{UAH} THE DIFFERENCE BETWEEN FEMINISIM AND HUMANISM
The difference between feminism and humanism
When it comes to labels, I like mine earnest but not intransigent. So there is something almost moving about someone (most often a man) asking a self-declared feminist like myself why I call myself a feminist and not a humanist. Almost.
What prevents me from exultingly throwing my hands up in the air when a well-intentioned inquirer offers this proposition, is not that my feminist high prevented me from seeing clearly the profundities of humanism. Duh. It is simply that I don't think that human beings deserve better lives.
Ha! Got'cha!
In all seriousness though, you would think that if a woman says she is a feminist (rather than a humanist) that it is fucking obvious a) that she is likely to sympathise with humanism. After all feminism, as the mantra goes, is "the radical notion that women are people", b) that she has thought it through already, it's not exactly like people love feminists and c) that humanism – which, by the way, the (humanist) inquirer ought to know – is not free of tension itself considering its roots are in the quintessential European bourgeois.
Yet as an ethical stance that promotes the dignity and autonomy of the individual and the right of every human being to the greatest possible freedom compatible with the rights of others, humanism offers a genial prospect.
In a perfect world that prospect would be enough and we could declare feminism redundant but that would also be a world in which women were running circa half the countries and institutions. It would be a world where violence against women wasn't of epidemic proportions. It would be a world where women occupied an equal amount of Fortune 500 jobs or had an equal chance at some of the world's biggest honours such as the Nobel- or the "Man" Booker Prizes.
Alas, we are light-years from such a world. Especially in Africa. And it is often in dispute offeminism's appropriateness to African traditions that the irritating question, "Why feminism, why not just humanism?" is posed to me.
In truth, ours is a continent for men by men to men at men with men ALL about men.
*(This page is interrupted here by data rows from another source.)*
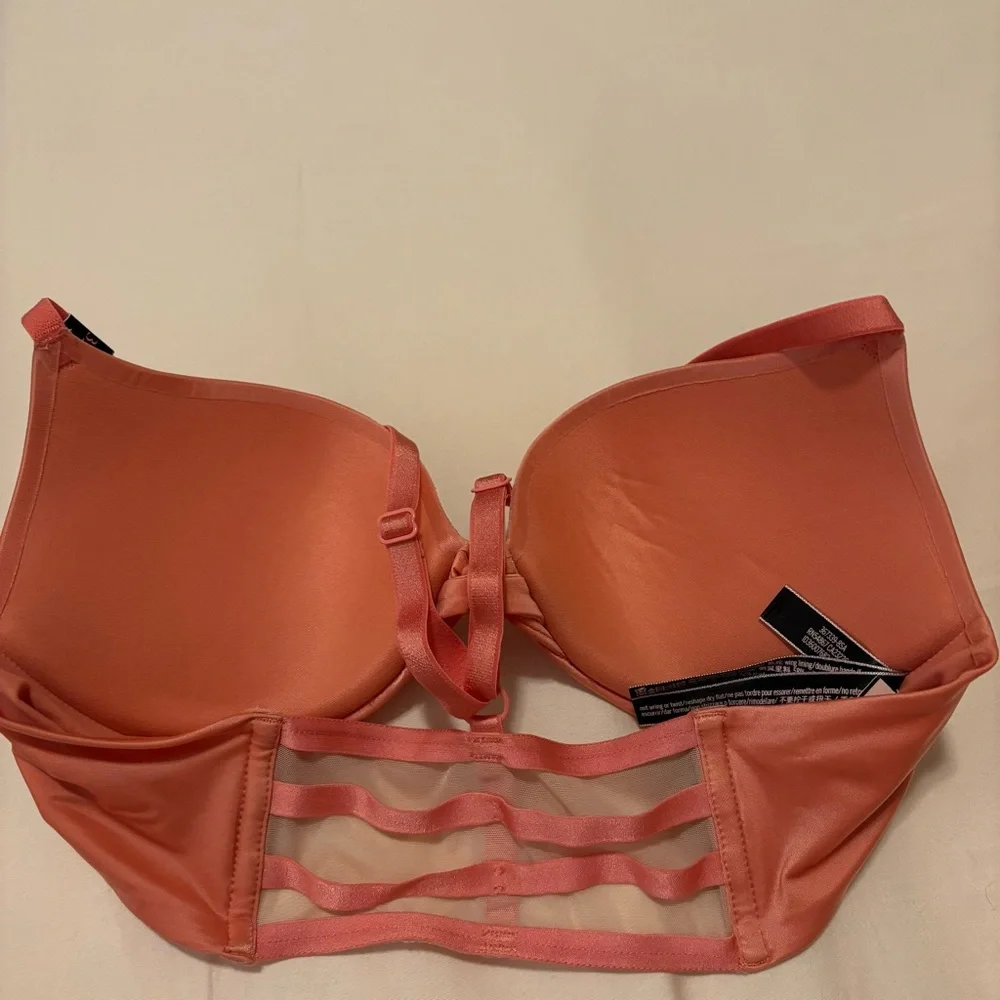 NWT Victoria's Secret Very Sexy Coral Pink Push Up Bra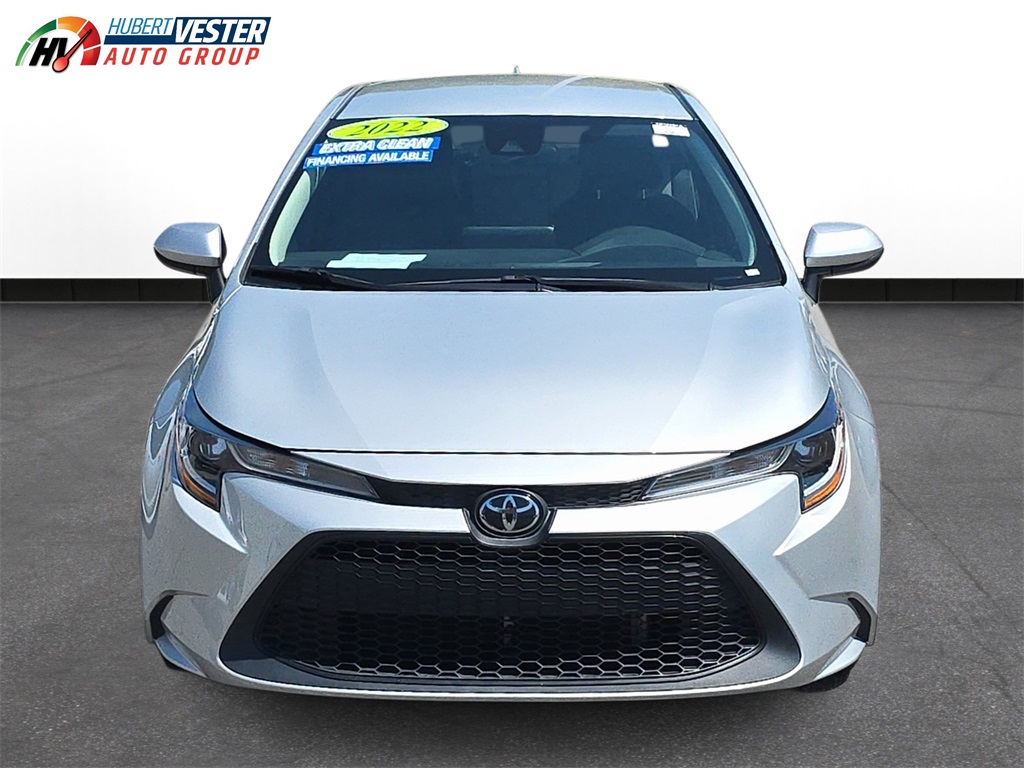 2022 Toyota Corolla LE photo 3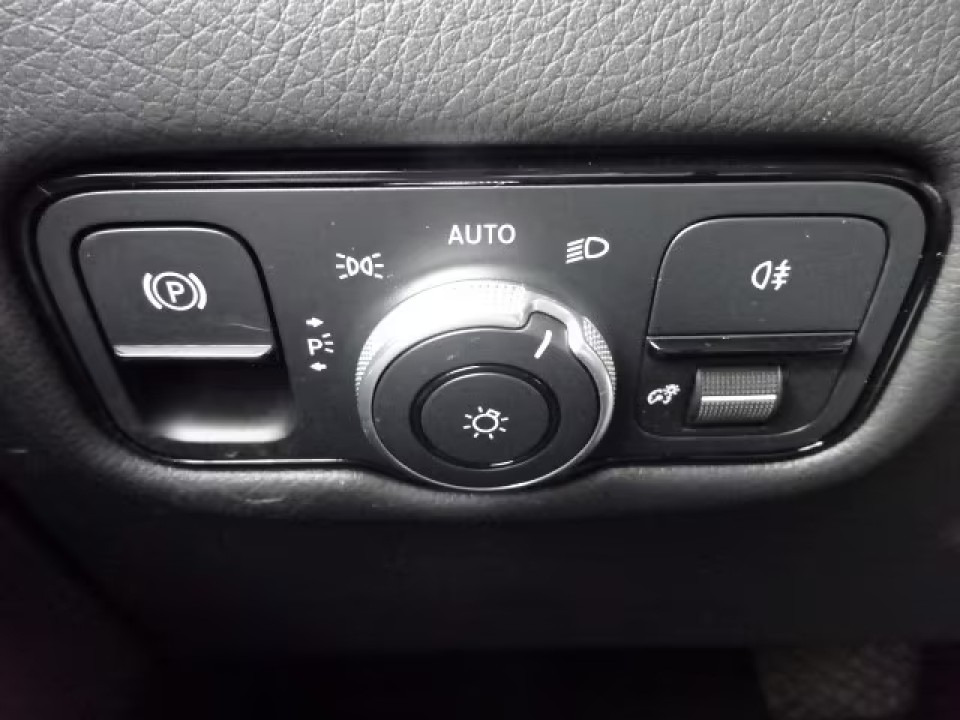 Mercedes-Benz V 300d 4MATIC Extralong Avantgarde - foto 24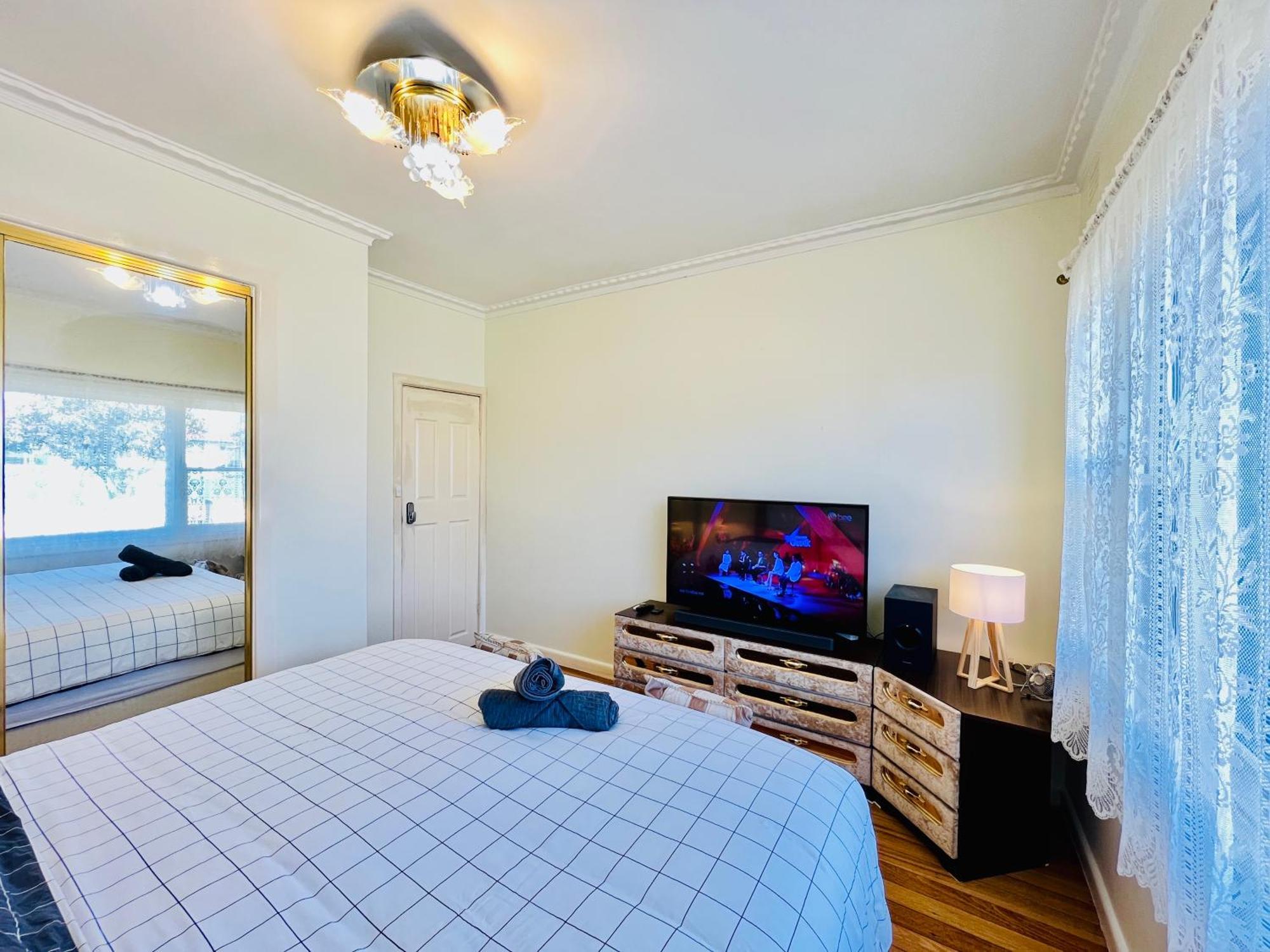סיינט אלבאנס Cosy 4Br Home 15 Minutes Away From Melbourne Airport מראה חיצוני תמונה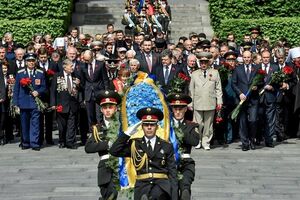 Церемония возложения цветов к памятнику Неизвестному солдату в Киеве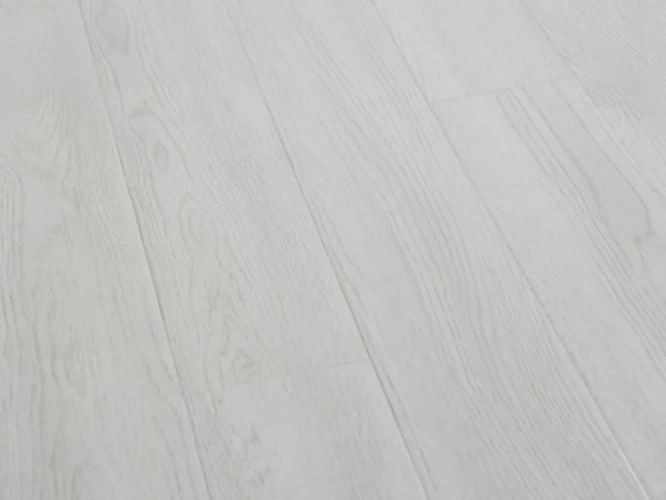 Глянцевый Ламинат Ламивуд / Lamiwood Glanz 301 Дуб Шифон на otdelka1.ru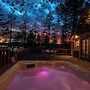 Mountainside Overlook Lake Views & Hot Tub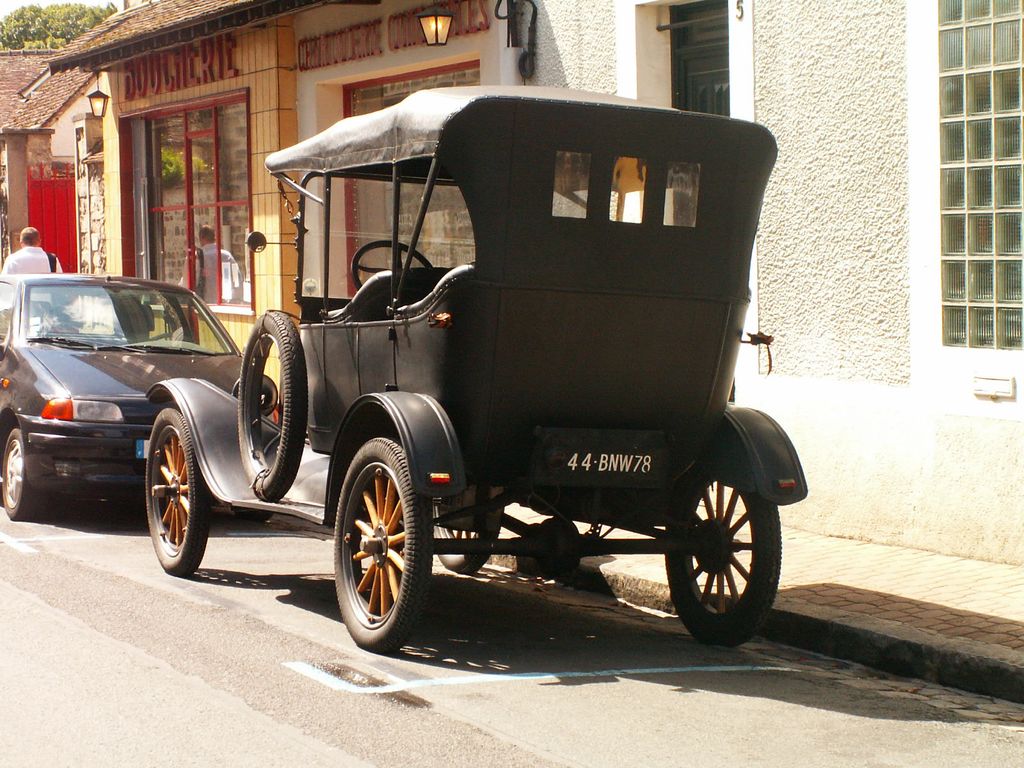 FORD jeden z piewszych samochodow seryjnie produkowanych, wlasciciel przyjechal po bagietki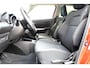 Suzuki Swift 1.2 Style Smart Hybrid Rijklaarprijs! | 12 Maanden Garantie | Onderhoudsbeurt | Nieuwe APK | Mobiliteitservice |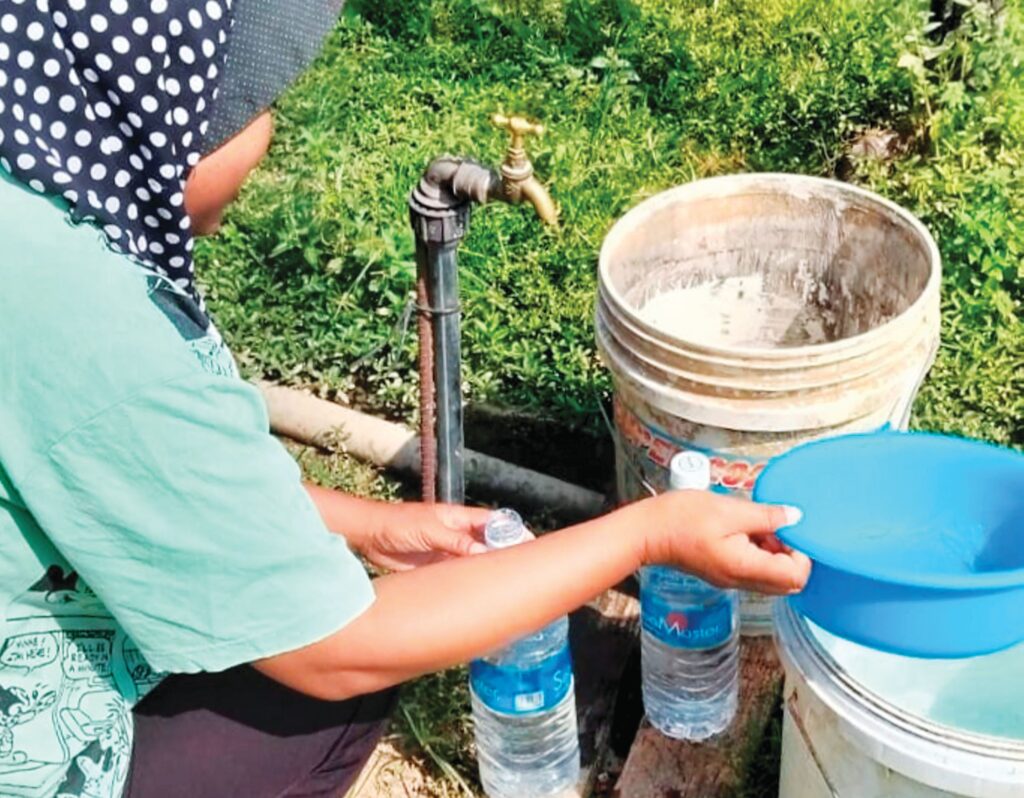Penduduk derita berhari raya tanpa air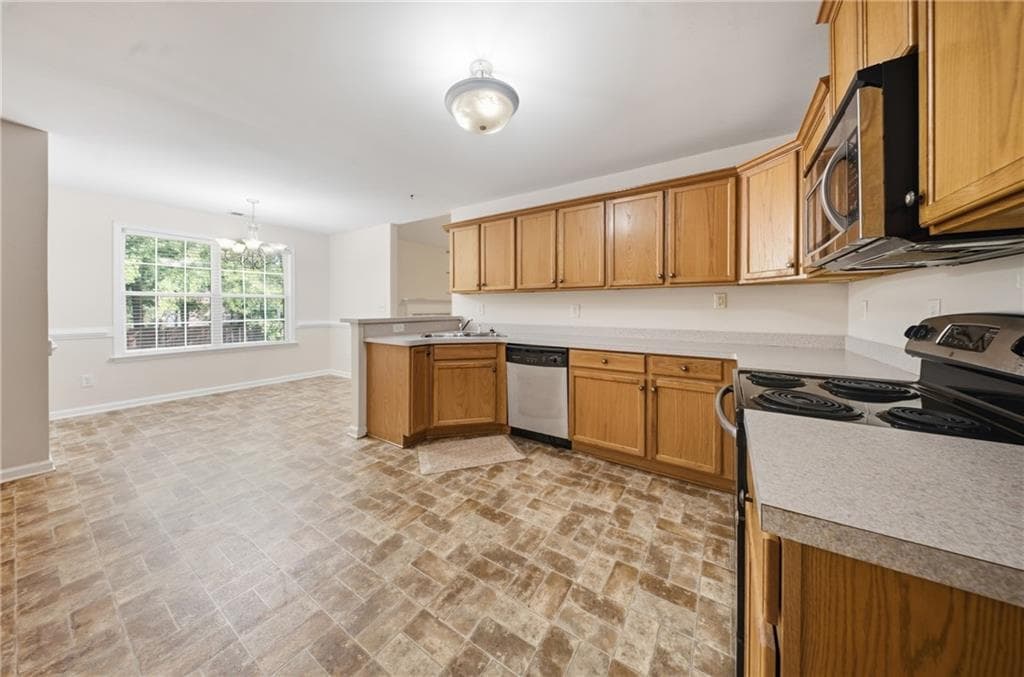 3 bedroom, 2 bathroom, 1,588 sq ft single family residence for sale at 177 Revolutionary Drive, Hampton, GA 30228 — photo 8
In fact it bemuses me that while in many other parts of the world the word 'man' is being increasingly replaced with 'man and woman' or simply with 'people' when actually speaking of human beings of both genders, in Africa, oh no no no, Man is capitalised. Man eats, Man breathes, Man thinks, Man shits. Man na Person!
Woman, well she picked the incomparably short end of the stick. Tough luck? Well, yes, but, you see, thanks to feminism she no longer has to hope that men, however humanist they may be, shall some dazzling day fight for all women to have equal access to basic human rights such as education, anti-discrimination or inheritance laws. Instead she can use feminist tools – and she has done – to be able to vote, get a bank account, even – if she is lucky – to wear a mini skirt (yippie!), let alone to fight for access to powerful positions in society.
It is remarkable that it needs saying but it nevertheless appears necessary. Humanism may be fantastic but it is not a substitute for Feminism!
You dig?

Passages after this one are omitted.